Joshua J. Mark
published on 02 September 2009
Oenone (her name comes from the Greek word oinos, for 'wine’) was a Greek nymph and daughter of the river god Cebren, who lived on Mount Ida where she met the young Paris of the city of Troy. The two were married and enjoyed their life together until Paris’ voyage to Sparta where he met Helen, wife of Menelaus, and carried her off (thus igniting the Trojan War).
Oenone had been given the gift of prophecy by Rhea (the mother of the gods) and so foresaw the results of Paris’ actions in Sparta and tried to talk him out of going. Paris refused, however, and so Oenone told him that, should he be wounded in his venture, he should return to her for only she could heal him. When, in the course of the Trojan War, Paris was struck by the arrow of Philoctetes, he was carried to Mount Ida to be saved by the potions of Oenone. She, hurt by his betrayal of her with Helen of Sparta, refused to help him and he was brought back to Troy. Oenone repented of her decision and rushed to Troy with aid but arrived too late and found Paris already dead.
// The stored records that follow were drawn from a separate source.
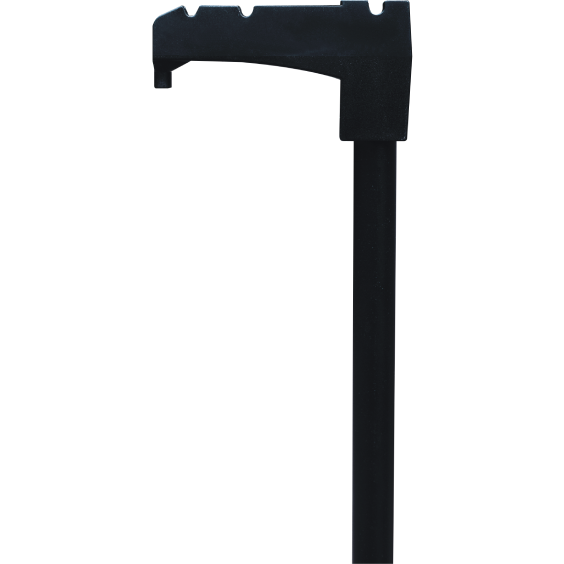 Экран Lumien Eco View 124x221 Matte White (LEV-100115) - фото 7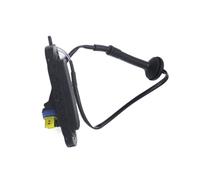 Cerradura baúl Compatible con GMC Para Yukon 2007 2008 2009 2010 2011 2012 2013 2014 Botón de apertura de la cerradura del maletero Conjunto de interruptor de puerta trasera 15106857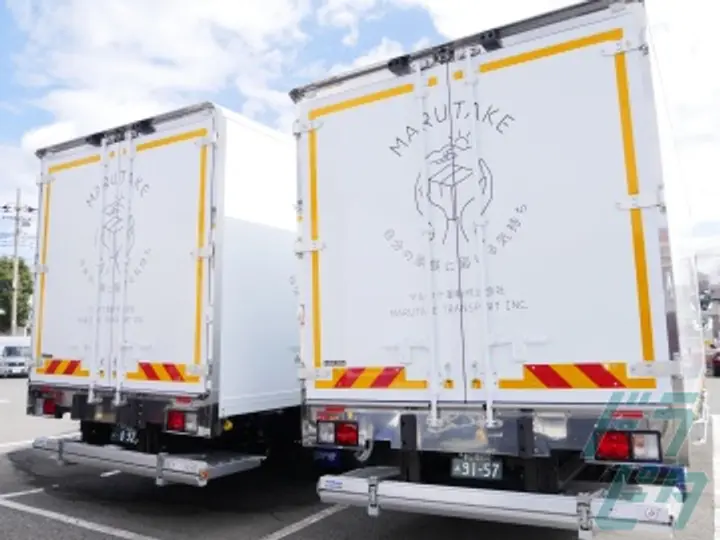 マルタケ運輸株式会社  圏央厚木営業所(神奈川県厚木市/本厚木駅/配送・配達ドライバー)_2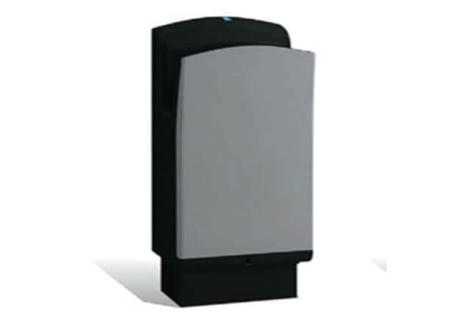 JT-SB216ESH-DG-CE Elektrikli Isıtıcılı Siyah El Kurutma Cihazı 1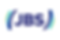 Logotipo da empresa "JBS"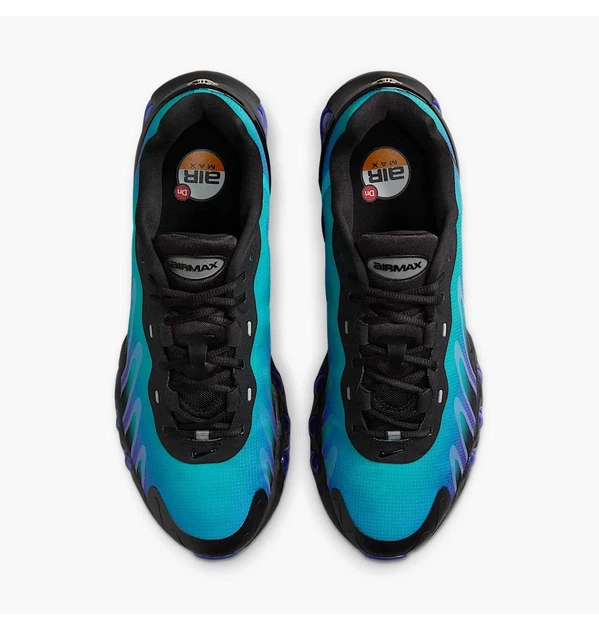Кроссовки мужские Nike Air Max Dn8 43 Комбинированный FQ7860-500 - изображение 6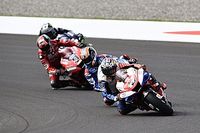 Miller: "¿Petrucci? Tengo en mente su situación"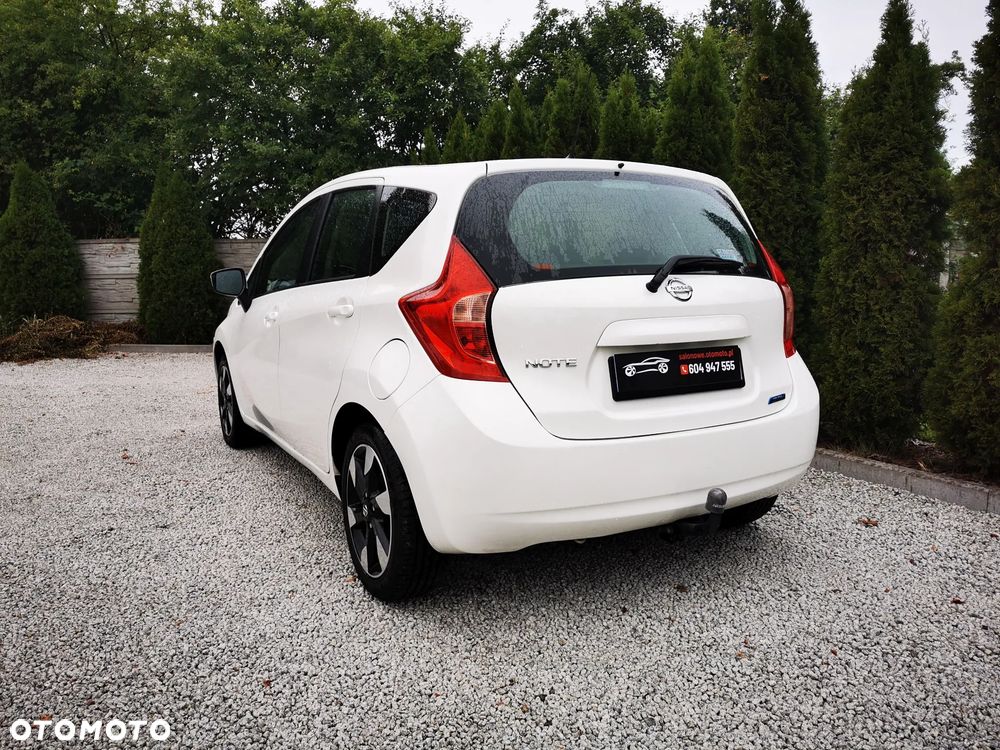Nissan Note 1.5 dCi acenta+ - 26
In her grief and regret she flung herself onto his flaming funeral pyre and died (alternate ends of Oenone’s life claim she hanged herself or threw herself off a cliff near Troy).
Her name has since been translated as 'Lover of Paris’ without regard to etymological roots. The Greek island of Aegina was originally known as Oenone or Oinone, 'Island of Wine’, due to the excellence of the wine made there, before the great King Aeacus re-named it after his mother. It is generally held that the island’s original name had nothing to do with the Greek nymph. The English poet Tennyson (1809-1892 CE) wrote a famous poem about Oenone in 1833 CE which sparked widespread interest in the legend in the 19th century CE and inspired artists of the Romantic period.